I was feeling quite dowdy in camping clothes for 3 months while other tourists in Porto looked quite fancy with their scarves. Nope, I’d left my multicolered scarf from Ireland home, wanting to travel “light.” (Ha!) When what did I see but a lovely blowing in the traffic-breeze light blue nylon scarf with happy yellow butterflies and pink- blooming roses. Such a metaphorical lift of new life, after maybe destruction.

Forgetting my ineptness at Portuguese, I excitedly told the clerk that this was my hurricane antidote (wide gestures of hurricane, my home with heart pointing and tears diagramed, heart expanding due to scarf and flitting creatures.) I really didn’t care if he cared, I just had to share my little lift of happiness with someone!

I paid the 1.5 euro and left, feeling prettier.

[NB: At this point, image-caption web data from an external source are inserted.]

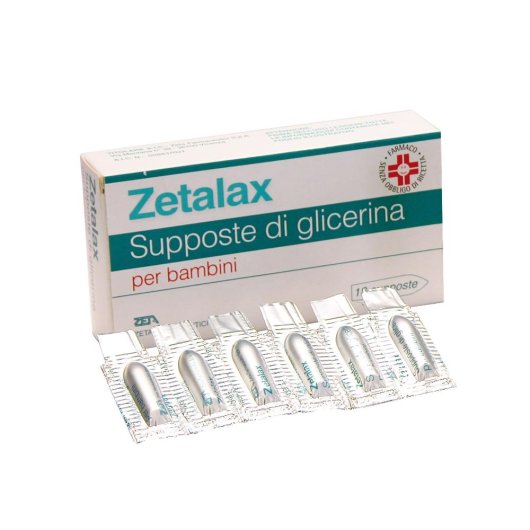 ZETALAX BB 18SUPP 1375MG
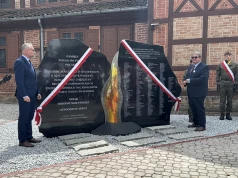 Ofiary Zbrodni Wołyńskiej upamiętnione w Malborku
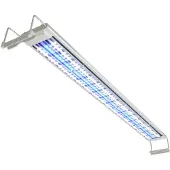 vidaXL Aquariumlamp LED IP67 100-110 cm aluminium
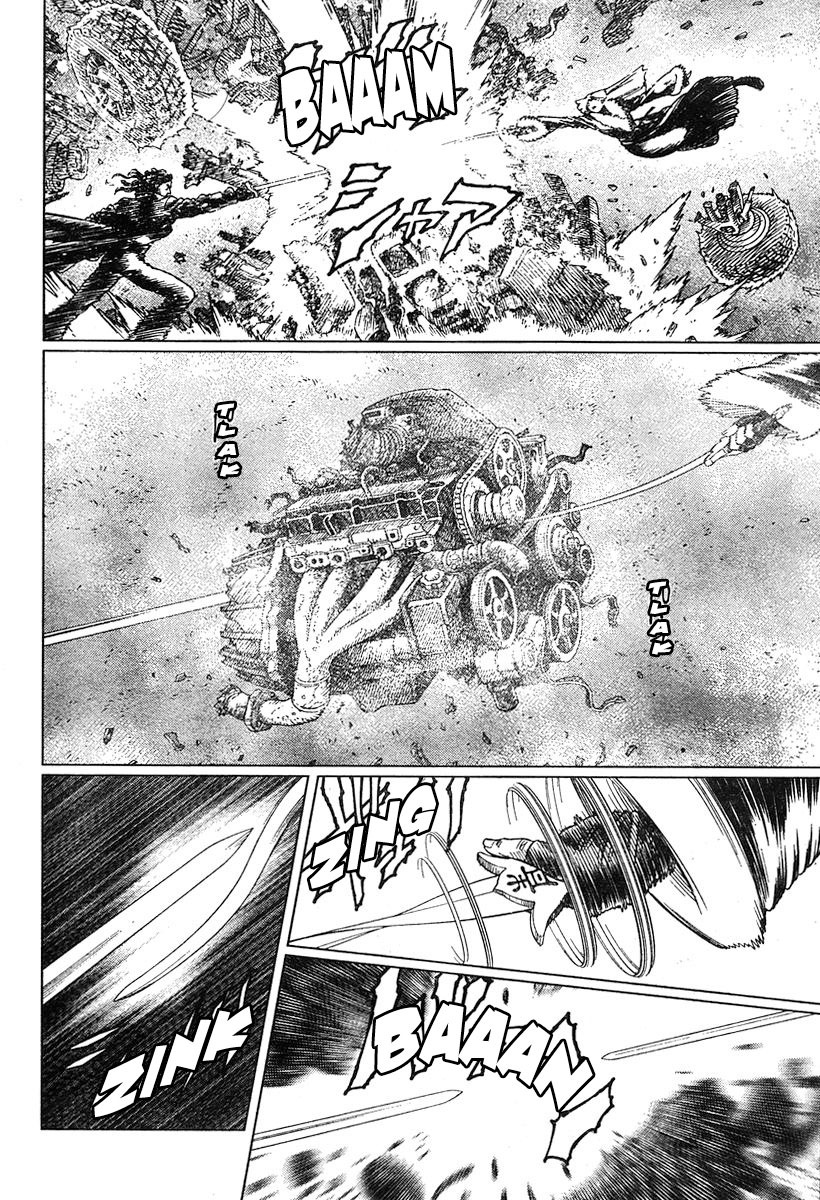 Battle Angel Alita: Last Order Chapter 52 page 6 - Chapter 52: Fear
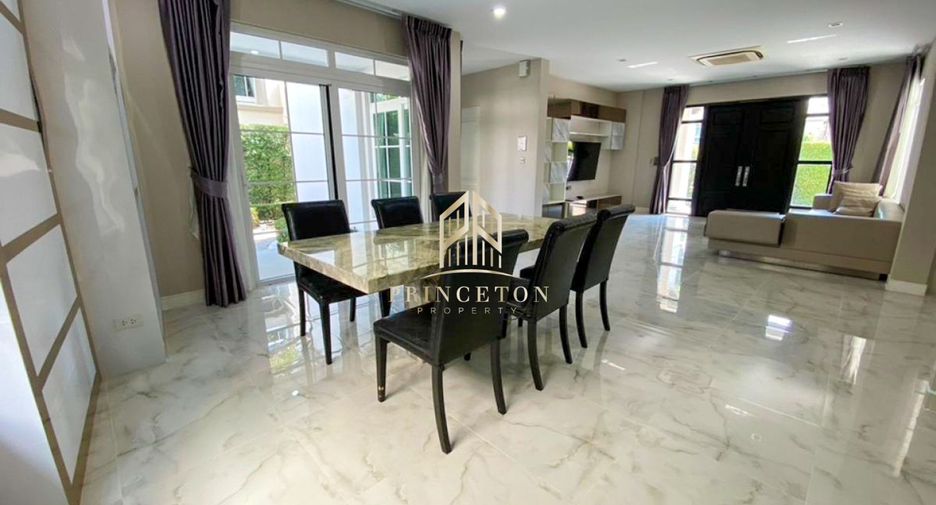 For rent そして for sale 4 ベッドルーム house in Bang Phli, Samut Prakan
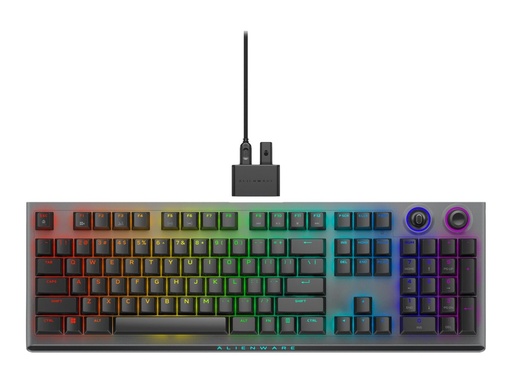 [AW920K-G-WW] Dell Alienware Tri-Mode AW920K - Tastatur - AlienFX Per-Key RGB / 16,8 Millionen Farben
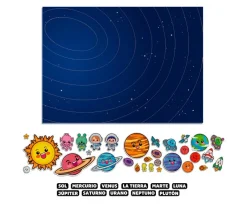 Descubre El Sistema Solar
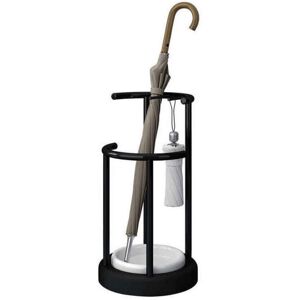 GROOFOO Porte-parapluie en fer créatif nordique seau de parapluie en métal Simple pour porte-parapluie d'hôtel vêtements de pluie à la maison Noir GROOFOO Porte-parapluie en fer créatif nordique seau de parapluie en métal Simple pour porte-parapluie d'hôtel vêtements de pluie à la maison Noir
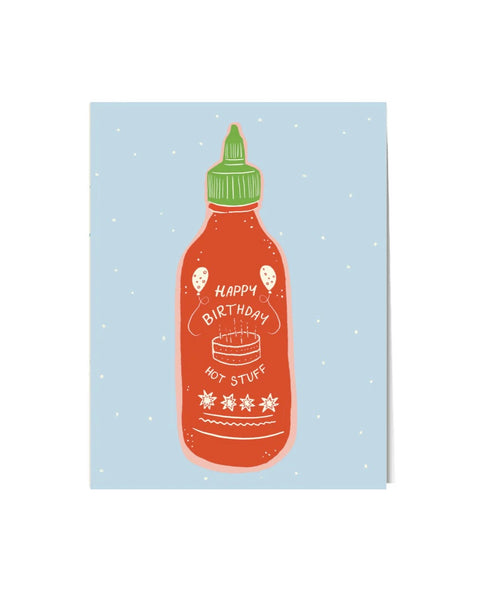 Paper Protégé Hot Stuff Birthday Card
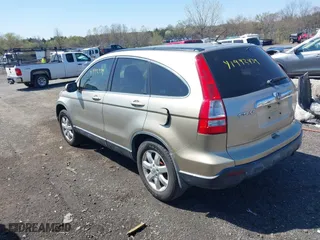 2007 Honda CR-V EX-L with VIN JHLRE48787C110470, listed as a IAAI auction lot 41942439 with 174,234 mi miles. Bid and sale history available at carsss.com. Image 3.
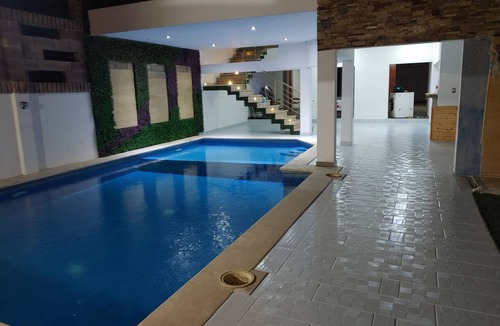 Culiacan House | Casa Grande Vacacional Alberca. Cochera Privada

This didn’t work as well as the port tasting the day before but it was cheaper and lasted longer.

So, tonight when I was belatedly informed I’d need a shawl I stopped at the same stand for a warm Pashmi article. Cashmere, right? I hoped.  Same lack of communication with this clerk. Some of the scarves said Pashmi, some said cashmere, some just said from Kashmir (all with flimsy peal-off stickers, not sewn on.) None of them felt warm.

Trying my luck I asked him the fabric make. Puzzled look. Animal or plant? Nope. “Baa?” Blank look. He took me to the boss who was equally unversed in English. Aha, I thought! Google translate! I typed in “wool” in English on the phone and it typed back the Portugues for wool. Still blank looks. They tried, I tried, I gave up.

When who should appear but the scarf clerk. He remembered me and the hurricane! “How is your house?” In English. “Scarf make you happy?” In English. Then he pointed to a map of Bangladesh, his home. He didn’t know any more about fabric than his colleagues but now it all made sense. They didn’t understand Google translate because they spoke Bengali, not Portuguese!

Well, we all gave it a good try, didn’t we? 

And in the end that’s all you can say for communication — that it comes from the heart.